Letting go of the GPS to learn the art of natural navigation - mislankanova
https://www.theguardian.com/lifeandstyle/2018/may/06/ditching-the-satnav-the-lost-secrets-of-natural-navigation
======
euske
Fascinating article. I love getting lost in Tokyo too. Here are a couple of
tips I could add in case of Tokyo...

* All the TV antennas point at Tokyo Sky Tree.

* All the regional train tracks (except Yamanote) are radial. They're all going toward Yamanote Line.

* Major named streets (except "Kanjo" or circular streets) go to the Emperor Palace.

* Tokyo is a city carved by rivers, so it has many ups and downs. Pay attention to town names that are typically indicative of its configuration, e.g. -yama (mountain), -oka (hill), -tani/-gaya (valley), -saka (slope) etc.

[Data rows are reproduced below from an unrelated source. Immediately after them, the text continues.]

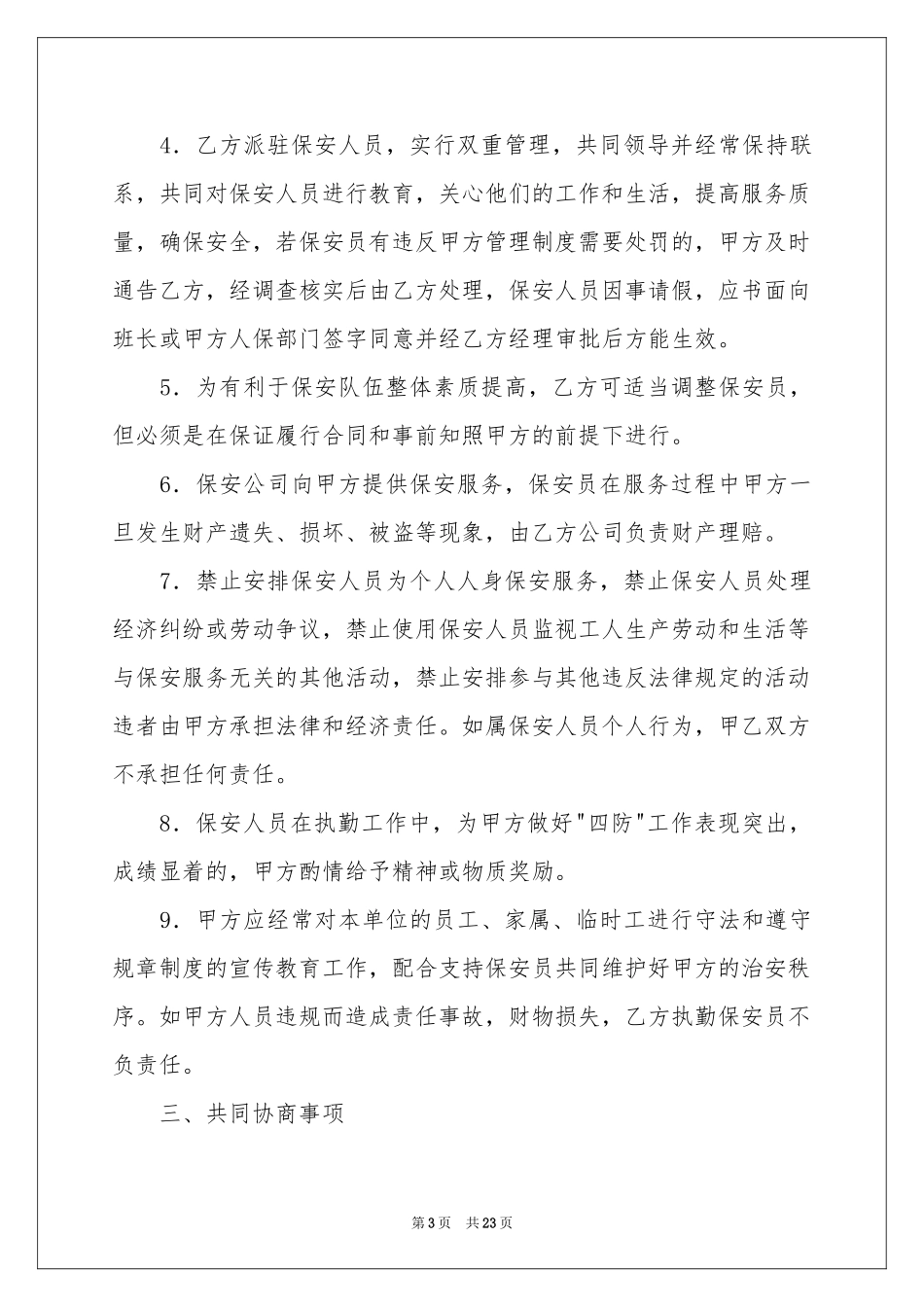 聘请协议书集锦7篇_第3页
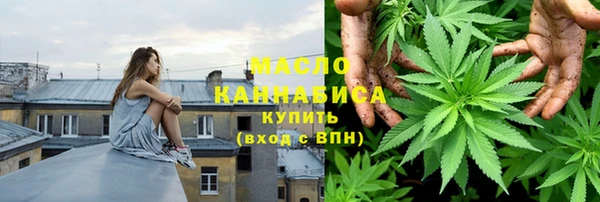 а пвп мука Надым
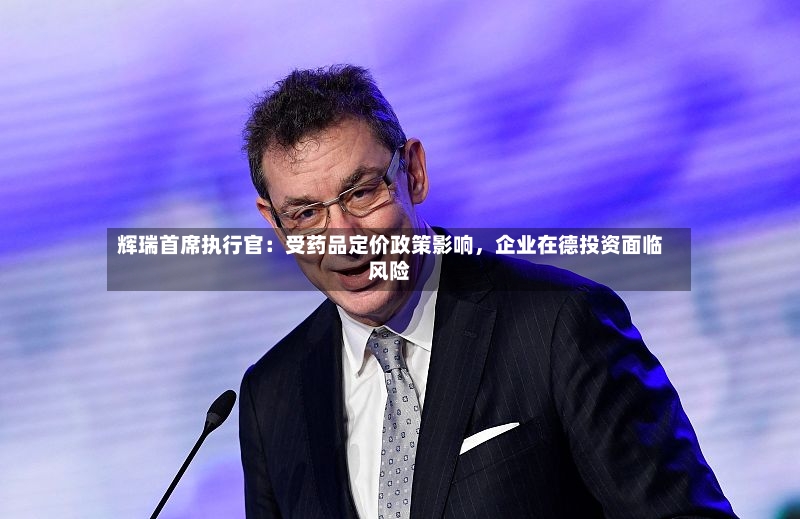 辉瑞首席执行官：受药品定价政策影响	，企业在德投资面临风险-第2张图片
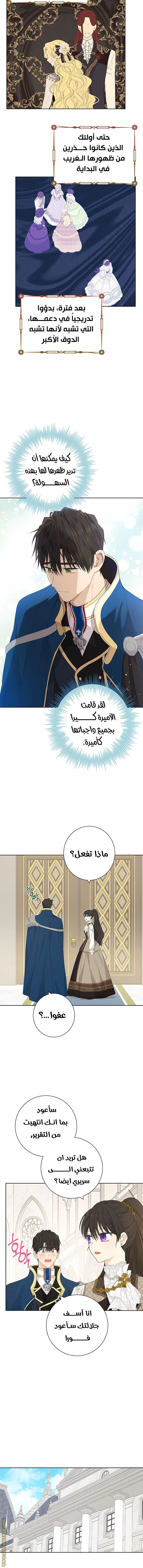 Read Actually, I was the Real One AR Manga Online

* Beware of subway lines and subway exits because their shapes are very unpredictable, with confusing station names.

------
elcapitan
Looking at the title, I guessed this would be an article about Tristan Gooley,
and yes, it was - I read "The Walker's Guide to Outdoor Clues & Signs" and it
was both entertaining and informative. If you do outdoor activities, it is a
nice supplement (even if you keep using GPS etc). Just parsing the environment
a bit better is so much fun and kind of deepens the experience.

I recently started to watch the birds as well when hiking, and that again gave
more depth and makes me feel more a part of nature. The example in the article
of loud bird cacophony as a sign for something interesting happening is a good
one. I was in Berlin's largest park yesterday, with birds tweeting around
everywhere, but at some point, it was a bit off, so I stopped and started
looking, and sure enough, there was a beautiful buzzard hunting.

Trees are the kind of obvious thing to watch, and they tell a lot about the
environment. The next thing I'll try to get a better understanding for is
weather phenomena (actually the most helpful thing to learn for outdoor
activities as it can save your life). There's also a similar book by Gooley on
how to "read water" which looks interesting.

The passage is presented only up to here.